When House Foods, one of Japan’s largest food manufacturers, decided to develop a line of weight loss food products for sale in Japan, it reached out to Kleinbard client Nutrisystem, which has been a leader in the weight loss food industry since the mid-70s.

Because Japanese food culture is very different from America’s, what House Foods needed from Nutrisystem was not recipes or technology involving the actual food sold by Nutrisystem. Instead, House Foods wanted the right to use Nutrisystem’s well-known trademarks and its unique business model – i.e., the methods Nutrisystem uses to promote, market and sell its food products through various trade channels (online, television, print and direct mail); provide weight loss and weight management counseling; and operate its industry-leading ecommerce site. House Foods also determined that it needed certain portions of the software used to run Nutrisystem’s website since the new line of House Foods products would only be sold via the Internet.

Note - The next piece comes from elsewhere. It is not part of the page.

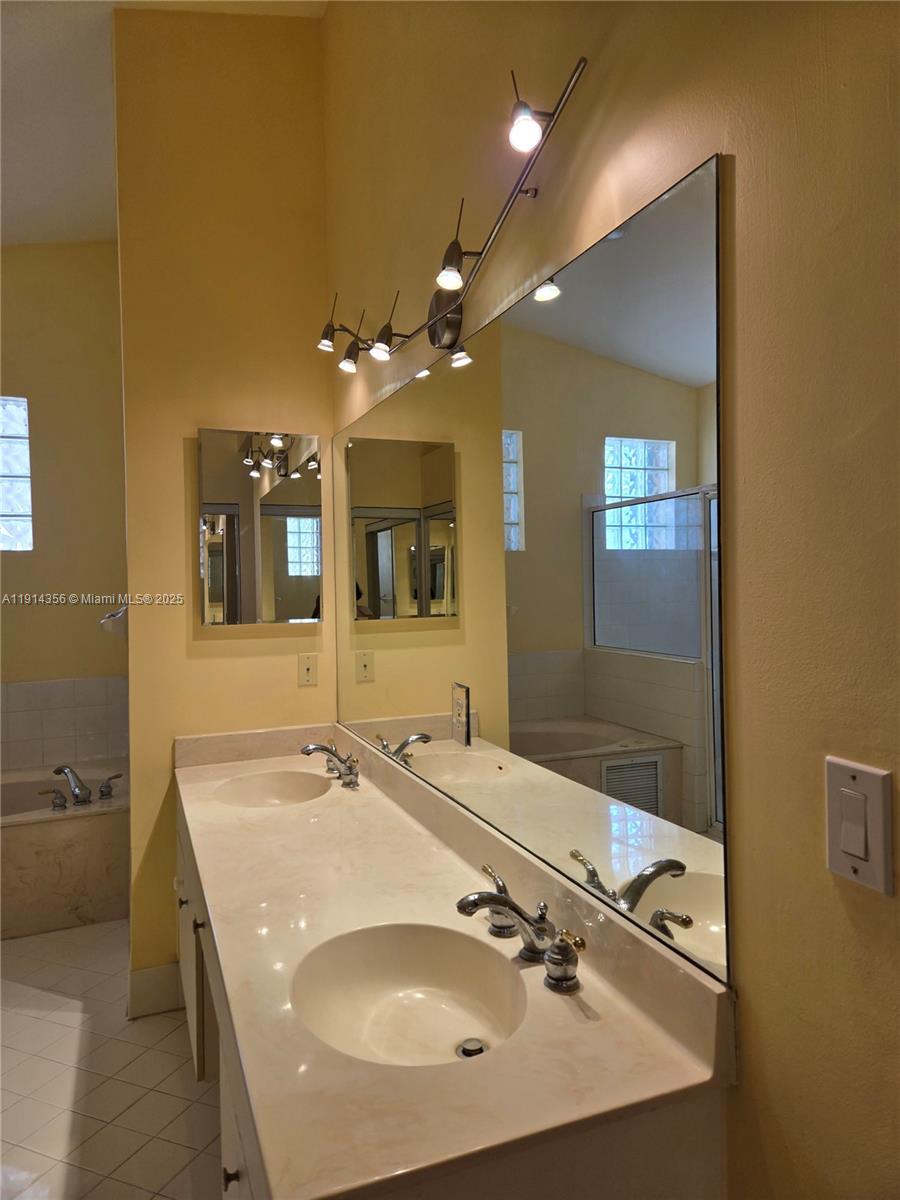 GOLDVUE ESTATES - Residential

Following several in-person meetings among executives from both companies (including some held in Japan) and the development of a term sheet, Nutrisystem engaged Kleinbard to draft and negotiate a license agreement with House Foods granting it exclusive rights to Nutrisystem’s intellectual property in Japan.

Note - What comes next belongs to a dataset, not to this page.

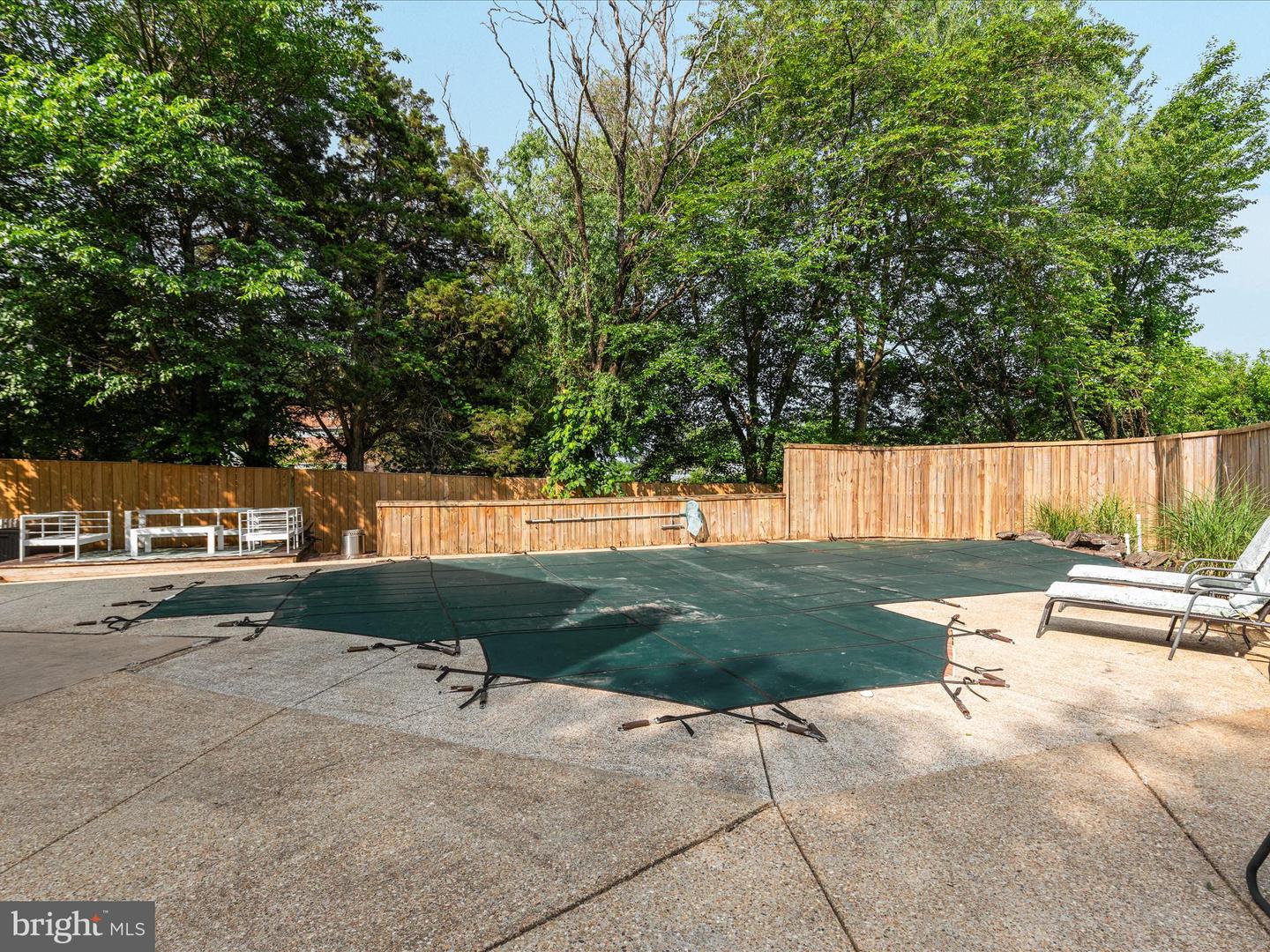 4204 KINCAID CT, CHANTILLY, Virginia 20151, 5 Bedrooms Bedrooms, ,2 BathroomsBathrooms,Residential,For sale,4204 KINCAID CT,VAFX2241786 MLS # VAFX2241786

Several complex issues needed to be resolved in the negotiations, including: (1) which parties would own future improvements and refinements to Nutrisystem’s business model (whether developed by Nutrisystem or House Foods); (2) whether and to what extent House Foods would have access to and the right to use future improvements to Nutrisystem’s business practices that Nutrisystem deployed in the American market; (3) how Nutrisystem, with its limited knowledge of Japanese food culture, would monitor and exercise quality control over the House Foods products sold under the Nutrisystem trademarks (U.S. trademark law requires licensors to exercise such control); and (4) the extent to which House Foods could sell Nutrisystem-branded products to purchasers located outside of Japan (the planned e-commerce site would be accessible to anyone in the world with an Internet connection).

After several weeks of negotiation with House Foods’ in-house counsel, the license agreement was signed and House Foods made significant advance royalty payments in exchange for the right to begin developing its new line of Nutrisystem products. Although the development phase lasted for more than a year, the new products were immediately successful in the Japanese market. Because the license’s royalties were calculated based upon net sales of the products (subject to minimum annual payments in the early years), Nutrisystem considers the license to be a successful way to create an income stream from its intellectual property in an unfamiliar market.